DATA FOR THE TASK →
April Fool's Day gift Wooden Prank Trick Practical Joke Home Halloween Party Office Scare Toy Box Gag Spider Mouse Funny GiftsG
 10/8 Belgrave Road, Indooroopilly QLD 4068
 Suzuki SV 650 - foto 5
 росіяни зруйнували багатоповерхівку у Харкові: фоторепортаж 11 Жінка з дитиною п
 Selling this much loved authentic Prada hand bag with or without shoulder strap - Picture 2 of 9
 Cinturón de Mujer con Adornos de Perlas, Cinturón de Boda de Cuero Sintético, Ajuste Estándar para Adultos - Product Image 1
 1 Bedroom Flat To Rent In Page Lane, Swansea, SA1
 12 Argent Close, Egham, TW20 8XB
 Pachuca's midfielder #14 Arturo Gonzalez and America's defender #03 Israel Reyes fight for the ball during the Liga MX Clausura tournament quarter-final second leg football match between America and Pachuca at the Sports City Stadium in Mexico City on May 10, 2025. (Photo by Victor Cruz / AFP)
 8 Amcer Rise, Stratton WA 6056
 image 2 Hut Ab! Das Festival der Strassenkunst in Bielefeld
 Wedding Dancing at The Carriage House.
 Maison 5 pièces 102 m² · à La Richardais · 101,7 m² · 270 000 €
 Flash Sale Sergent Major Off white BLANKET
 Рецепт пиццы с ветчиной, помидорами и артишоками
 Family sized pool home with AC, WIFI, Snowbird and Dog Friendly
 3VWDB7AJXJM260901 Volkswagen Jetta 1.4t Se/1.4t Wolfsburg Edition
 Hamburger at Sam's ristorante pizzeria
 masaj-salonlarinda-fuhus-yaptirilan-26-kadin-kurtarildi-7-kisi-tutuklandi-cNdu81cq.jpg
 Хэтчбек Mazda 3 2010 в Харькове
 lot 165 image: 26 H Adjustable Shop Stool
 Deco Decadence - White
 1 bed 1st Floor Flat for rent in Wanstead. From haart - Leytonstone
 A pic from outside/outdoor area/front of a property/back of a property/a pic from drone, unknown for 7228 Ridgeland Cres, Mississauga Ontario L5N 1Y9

WORK REQUEST →
Copying begins at the line that holds "Family sized pool" and ends at the last line of the data above, with both included and each line kept exactly.

RESULT OF THIS EXERCISE →
 Family sized pool home with AC, WIFI, Snowbird and Dog Friendly
 3VWDB7AJXJM260901 Volkswagen Jetta 1.4t Se/1.4t Wolfsburg Edition
 Hamburger at Sam's ristorante pizzeria
 masaj-salonlarinda-fuhus-yaptirilan-26-kadin-kurtarildi-7-kisi-tutuklandi-cNdu81cq.jpg
 Хэтчбек Mazda 3 2010 в Харькове
 lot 165 image: 26 H Adjustable Shop Stool
 Deco Decadence - White
 1 bed 1st Floor Flat for rent in Wanstead. From haart - Leytonstone
 A pic from outside/outdoor area/front of a property/back of a property/a pic from drone, unknown for 7228 Ridgeland Cres, Mississauga Ontario L5N 1Y9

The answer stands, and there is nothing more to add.